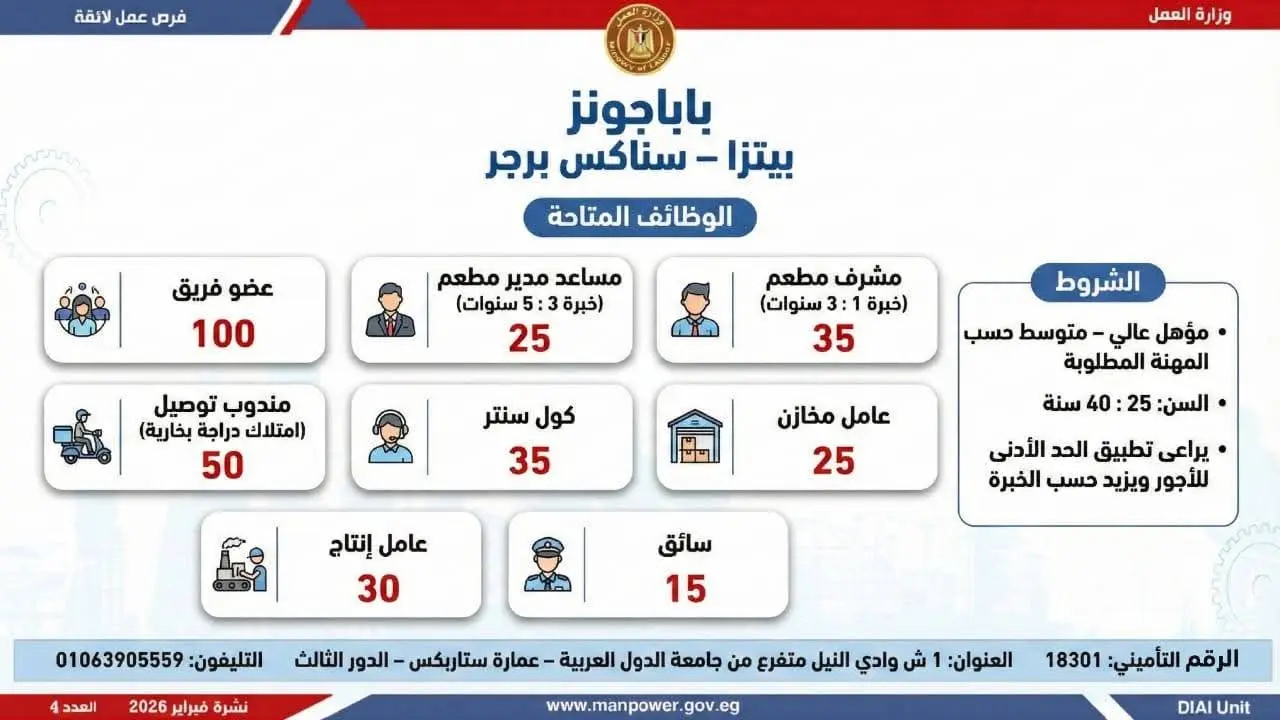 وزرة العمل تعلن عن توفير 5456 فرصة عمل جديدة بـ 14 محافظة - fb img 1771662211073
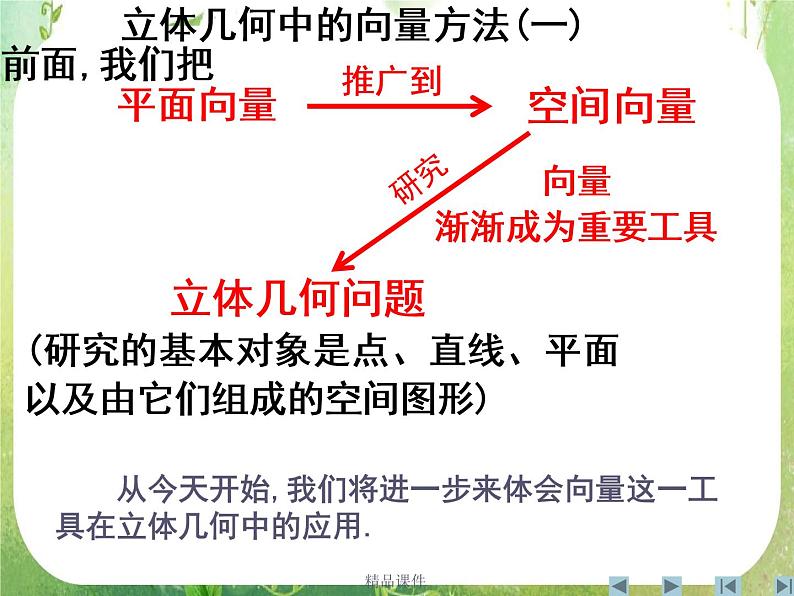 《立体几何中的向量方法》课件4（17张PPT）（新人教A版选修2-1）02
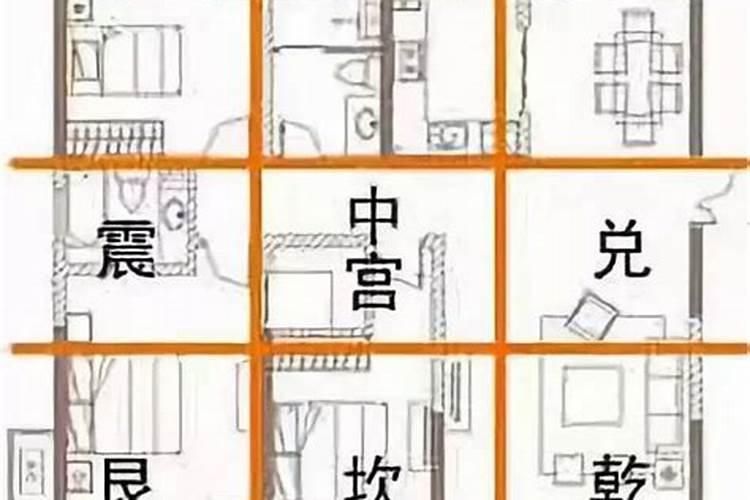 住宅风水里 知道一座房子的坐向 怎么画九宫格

▶ WHAT YOU SHOULD DO
Return the material exactly as given above, picture-free.

▶ SOLUTION BELOW
 وزرة العمل تعلن عن توفير 5456 فرصة عمل جديدة بـ 14 محافظة - fb img 1771662211073
 《立体几何中的向量方法》课件4（17张PPT）（新人教A版选修2-1）02
 住宅风水里 知道一座房子的坐向 怎么画九宫格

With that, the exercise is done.